Since Super Tuesday’s sweep of the primaries, one thing has become crystal clear. Whether it’s Obama, or Clinton, who gets the Democratic Party nomination ultimately doesn’t matter, if the only change that happens is polemical. Risk-takers only need apply.

Leave rhetoric to the rhetoricians. Those who play it close to the vest can’t be expected to make the hard choices, or take the tough path, but only that which is familiar and convenient. And, this election more than any in recent memory, familiarity breeds contempt.

Courage often requires going out on a limb, and we need leadership that is prepared to do that. Progressive leadership requires speaking up on incendiary issues, even if it means alienating important lobbies. More of the same means feeding the war machine, and doing so with their own weapons.

Senator Obama’s advantage is not just his ability, and agility at reaching out to people across racial, economic, political, and social lines, in this country, but in the promise that he will be able to do so internationally, as well.

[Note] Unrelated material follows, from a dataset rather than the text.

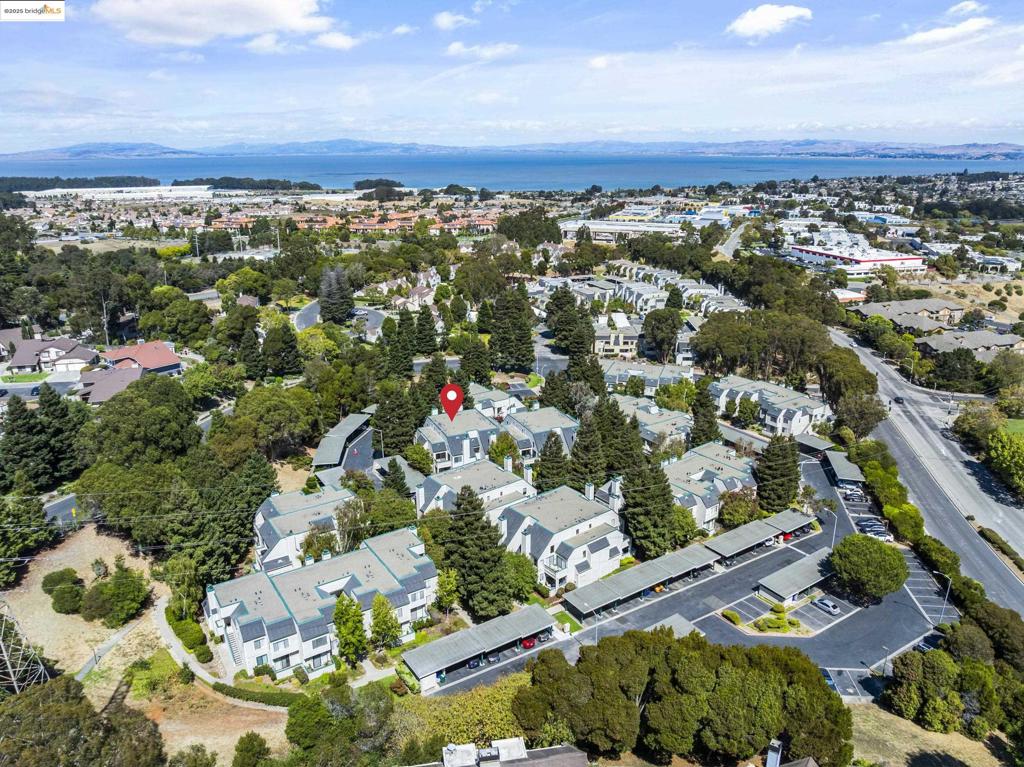 https://media.crmls.org/mediaz/3bef3be9-16a0-45c9-92ae-20ab9b64ee89.jpg?preset=X-Large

Given that only about 10% of the world’s population is “white,” and that only a fraction of that percentage controls most of the world’s wealth, and starts most of the world’s wars, electing a president who reflects the predominant race is a good place to start on the road to move from a planet in peril to a planet at peace.

Obama’s candidacy may well have the added advantage of facilitating negotiations with the so-called “axis of evil” insofar as his candidacy’s implicit acceptance of cultural, and religious diversity, concepts which are alien to this administration, and its predecessors.

When Senator Clinton says that Obama is “naive” to talk about sitting down at table with the heads of state in Iran, and North Korea it might be naive for her, but not for a man of color given that 90% of the world is either black, brown, or yellow, but not “white.”

Senator Obama has the charisma, charm, wit, and stamina. Even if it may be said that hope is a four letter word, we can still hope he will be ready, willing, and able to cut his teeth on the cutting edge.